Activity> Word for word, restate the records that appear below.

Data records:
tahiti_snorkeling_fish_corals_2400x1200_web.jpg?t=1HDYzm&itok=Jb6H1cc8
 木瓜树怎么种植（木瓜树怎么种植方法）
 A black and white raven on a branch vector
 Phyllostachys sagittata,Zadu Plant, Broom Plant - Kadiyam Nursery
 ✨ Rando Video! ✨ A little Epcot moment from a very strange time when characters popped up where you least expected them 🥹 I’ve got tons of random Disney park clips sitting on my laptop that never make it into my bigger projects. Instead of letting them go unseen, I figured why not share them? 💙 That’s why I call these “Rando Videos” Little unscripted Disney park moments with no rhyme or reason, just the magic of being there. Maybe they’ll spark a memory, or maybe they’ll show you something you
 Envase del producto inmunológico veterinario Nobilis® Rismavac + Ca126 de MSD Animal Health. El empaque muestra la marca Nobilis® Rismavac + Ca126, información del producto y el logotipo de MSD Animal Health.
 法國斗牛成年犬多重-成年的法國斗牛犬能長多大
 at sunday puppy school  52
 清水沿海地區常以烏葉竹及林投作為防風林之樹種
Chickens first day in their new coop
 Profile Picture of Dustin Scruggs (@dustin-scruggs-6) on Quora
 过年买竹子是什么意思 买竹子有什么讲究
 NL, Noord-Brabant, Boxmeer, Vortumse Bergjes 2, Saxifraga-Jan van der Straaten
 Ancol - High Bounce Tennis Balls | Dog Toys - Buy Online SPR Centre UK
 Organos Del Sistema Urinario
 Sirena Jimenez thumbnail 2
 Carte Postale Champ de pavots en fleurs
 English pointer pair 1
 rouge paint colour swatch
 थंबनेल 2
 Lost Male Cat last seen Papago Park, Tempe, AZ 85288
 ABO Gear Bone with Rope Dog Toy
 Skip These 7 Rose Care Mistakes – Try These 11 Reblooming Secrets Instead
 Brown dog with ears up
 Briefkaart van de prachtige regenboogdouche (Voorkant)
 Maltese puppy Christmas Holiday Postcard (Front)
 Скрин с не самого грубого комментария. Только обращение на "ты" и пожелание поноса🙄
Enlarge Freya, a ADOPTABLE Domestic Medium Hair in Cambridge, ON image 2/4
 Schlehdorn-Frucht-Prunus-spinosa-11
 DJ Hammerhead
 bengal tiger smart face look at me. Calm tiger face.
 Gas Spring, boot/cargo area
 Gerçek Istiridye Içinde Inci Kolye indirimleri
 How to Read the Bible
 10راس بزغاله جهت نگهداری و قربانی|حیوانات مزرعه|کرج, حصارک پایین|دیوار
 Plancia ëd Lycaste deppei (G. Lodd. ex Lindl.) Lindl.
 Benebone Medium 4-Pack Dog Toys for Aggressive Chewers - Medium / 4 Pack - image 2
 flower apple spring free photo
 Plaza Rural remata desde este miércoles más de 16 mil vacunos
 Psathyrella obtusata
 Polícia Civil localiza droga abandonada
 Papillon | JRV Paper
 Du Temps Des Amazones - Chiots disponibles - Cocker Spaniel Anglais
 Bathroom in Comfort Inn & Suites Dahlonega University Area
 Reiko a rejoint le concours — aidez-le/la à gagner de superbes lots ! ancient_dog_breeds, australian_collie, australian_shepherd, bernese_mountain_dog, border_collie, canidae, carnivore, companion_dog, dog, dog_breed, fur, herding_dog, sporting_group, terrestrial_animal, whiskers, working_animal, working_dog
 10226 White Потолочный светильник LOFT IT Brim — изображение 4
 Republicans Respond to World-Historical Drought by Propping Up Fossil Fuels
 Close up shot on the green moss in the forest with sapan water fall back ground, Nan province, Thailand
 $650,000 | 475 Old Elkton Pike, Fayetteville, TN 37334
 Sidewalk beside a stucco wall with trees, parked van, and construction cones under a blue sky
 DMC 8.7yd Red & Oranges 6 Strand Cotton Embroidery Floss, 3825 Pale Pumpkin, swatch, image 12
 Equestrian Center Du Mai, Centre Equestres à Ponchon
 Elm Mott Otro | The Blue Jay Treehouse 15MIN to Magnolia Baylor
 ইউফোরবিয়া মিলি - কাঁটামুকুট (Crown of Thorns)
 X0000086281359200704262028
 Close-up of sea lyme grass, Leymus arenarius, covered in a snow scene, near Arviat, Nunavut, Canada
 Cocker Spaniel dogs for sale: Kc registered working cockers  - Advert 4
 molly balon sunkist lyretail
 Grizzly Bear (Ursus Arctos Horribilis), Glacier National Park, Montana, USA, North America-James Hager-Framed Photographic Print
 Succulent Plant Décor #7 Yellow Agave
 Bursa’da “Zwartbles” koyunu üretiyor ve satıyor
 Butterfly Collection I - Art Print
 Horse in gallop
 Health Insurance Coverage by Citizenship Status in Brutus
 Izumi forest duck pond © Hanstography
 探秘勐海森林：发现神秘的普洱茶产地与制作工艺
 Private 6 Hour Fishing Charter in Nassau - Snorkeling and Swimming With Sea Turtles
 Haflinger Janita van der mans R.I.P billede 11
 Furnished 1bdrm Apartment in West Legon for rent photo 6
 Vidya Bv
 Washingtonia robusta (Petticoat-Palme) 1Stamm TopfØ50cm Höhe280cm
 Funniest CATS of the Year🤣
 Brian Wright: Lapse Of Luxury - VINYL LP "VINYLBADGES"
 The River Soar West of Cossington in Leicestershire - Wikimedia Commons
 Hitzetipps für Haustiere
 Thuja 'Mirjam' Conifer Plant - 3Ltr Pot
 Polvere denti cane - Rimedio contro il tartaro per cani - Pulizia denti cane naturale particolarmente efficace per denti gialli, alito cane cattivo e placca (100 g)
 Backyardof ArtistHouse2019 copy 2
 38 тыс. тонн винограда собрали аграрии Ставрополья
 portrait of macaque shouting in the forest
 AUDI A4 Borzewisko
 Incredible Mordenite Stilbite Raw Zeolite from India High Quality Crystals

Expected answer>
tahiti_snorkeling_fish_corals_2400x1200_web.jpg?t=1HDYzm&itok=Jb6H1cc8
 木瓜树怎么种植（木瓜树怎么种植方法）
 A black and white raven on a branch vector
 Phyllostachys sagittata,Zadu Plant, Broom Plant - Kadiyam Nursery
 ✨ Rando Video! ✨ A little Epcot moment from a very strange time when characters popped up where you least expected them 🥹 I’ve got tons of random Disney park clips sitting on my laptop that never make it into my bigger projects. Instead of letting them go unseen, I figured why not share them? 💙 That’s why I call these “Rando Videos” Little unscripted Disney park moments with no rhyme or reason, just the magic of being there. Maybe they’ll spark a memory, or maybe they’ll show you something you
 Envase del producto inmunológico veterinario Nobilis® Rismavac + Ca126 de MSD Animal Health. El empaque muestra la marca Nobilis® Rismavac + Ca126, información del producto y el logotipo de MSD Animal Health.
 法國斗牛成年犬多重-成年的法國斗牛犬能長多大
 at sunday puppy school  52
 清水沿海地區常以烏葉竹及林投作為防風林之樹種
Chickens first day in their new coop
 Profile Picture of Dustin Scruggs (@dustin-scruggs-6) on Quora
 过年买竹子是什么意思 买竹子有什么讲究
 NL, Noord-Brabant, Boxmeer, Vortumse Bergjes 2, Saxifraga-Jan van der Straaten
 Ancol - High Bounce Tennis Balls | Dog Toys - Buy Online SPR Centre UK
 Organos Del Sistema Urinario
 Sirena Jimenez thumbnail 2
 Carte Postale Champ de pavots en fleurs
 English pointer pair 1
 rouge paint colour swatch
 थंबनेल 2
 Lost Male Cat last seen Papago Park, Tempe, AZ 85288
 ABO Gear Bone with Rope Dog Toy
 Skip These 7 Rose Care Mistakes – Try These 11 Reblooming Secrets Instead
 Brown dog with ears up
 Briefkaart van de prachtige regenboogdouche (Voorkant)
 Maltese puppy Christmas Holiday Postcard (Front)
 Скрин с не самого грубого комментария. Только обращение на "ты" и пожелание поноса🙄
Enlarge Freya, a ADOPTABLE Domestic Medium Hair in Cambridge, ON image 2/4
 Schlehdorn-Frucht-Prunus-spinosa-11
 DJ Hammerhead
 bengal tiger smart face look at me. Calm tiger face.
 Gas Spring, boot/cargo area
 Gerçek Istiridye Içinde Inci Kolye indirimleri
 How to Read the Bible
 10راس بزغاله جهت نگهداری و قربانی|حیوانات مزرعه|کرج, حصارک پایین|دیوار
 Plancia ëd Lycaste deppei (G. Lodd. ex Lindl.) Lindl.
 Benebone Medium 4-Pack Dog Toys for Aggressive Chewers - Medium / 4 Pack - image 2
 flower apple spring free photo
 Plaza Rural remata desde este miércoles más de 16 mil vacunos
 Psathyrella obtusata
 Polícia Civil localiza droga abandonada
 Papillon | JRV Paper
 Du Temps Des Amazones - Chiots disponibles - Cocker Spaniel Anglais
 Bathroom in Comfort Inn & Suites Dahlonega University Area
 Reiko a rejoint le concours — aidez-le/la à gagner de superbes lots ! ancient_dog_breeds, australian_collie, australian_shepherd, bernese_mountain_dog, border_collie, canidae, carnivore, companion_dog, dog, dog_breed, fur, herding_dog, sporting_group, terrestrial_animal, whiskers, working_animal, working_dog
 10226 White Потолочный светильник LOFT IT Brim — изображение 4
 Republicans Respond to World-Historical Drought by Propping Up Fossil Fuels
 Close up shot on the green moss in the forest with sapan water fall back ground, Nan province, Thailand
 $650,000 | 475 Old Elkton Pike, Fayetteville, TN 37334
 Sidewalk beside a stucco wall with trees, parked van, and construction cones under a blue sky
 DMC 8.7yd Red & Oranges 6 Strand Cotton Embroidery Floss, 3825 Pale Pumpkin, swatch, image 12
 Equestrian Center Du Mai, Centre Equestres à Ponchon
 Elm Mott Otro | The Blue Jay Treehouse 15MIN to Magnolia Baylor
 ইউফোরবিয়া মিলি - কাঁটামুকুট (Crown of Thorns)
 X0000086281359200704262028
 Close-up of sea lyme grass, Leymus arenarius, covered in a snow scene, near Arviat, Nunavut, Canada
 Cocker Spaniel dogs for sale: Kc registered working cockers  - Advert 4
 molly balon sunkist lyretail
 Grizzly Bear (Ursus Arctos Horribilis), Glacier National Park, Montana, USA, North America-James Hager-Framed Photographic Print
 Succulent Plant Décor #7 Yellow Agave
 Bursa’da “Zwartbles” koyunu üretiyor ve satıyor
 Butterfly Collection I - Art Print
 Horse in gallop
 Health Insurance Coverage by Citizenship Status in Brutus
 Izumi forest duck pond © Hanstography
 探秘勐海森林：发现神秘的普洱茶产地与制作工艺
 Private 6 Hour Fishing Charter in Nassau - Snorkeling and Swimming With Sea Turtles
 Haflinger Janita van der mans R.I.P billede 11
 Furnished 1bdrm Apartment in West Legon for rent photo 6
 Vidya Bv
 Washingtonia robusta (Petticoat-Palme) 1Stamm TopfØ50cm Höhe280cm
 Funniest CATS of the Year🤣
 Brian Wright: Lapse Of Luxury - VINYL LP "VINYLBADGES"
 The River Soar West of Cossington in Leicestershire - Wikimedia Commons
 Hitzetipps für Haustiere
 Thuja 'Mirjam' Conifer Plant - 3Ltr Pot
 Polvere denti cane - Rimedio contro il tartaro per cani - Pulizia denti cane naturale particolarmente efficace per denti gialli, alito cane cattivo e placca (100 g)
 Backyardof ArtistHouse2019 copy 2
 38 тыс. тонн винограда собрали аграрии Ставрополья
 portrait of macaque shouting in the forest
 AUDI A4 Borzewisko
 Incredible Mordenite Stilbite Raw Zeolite from India High Quality Crystals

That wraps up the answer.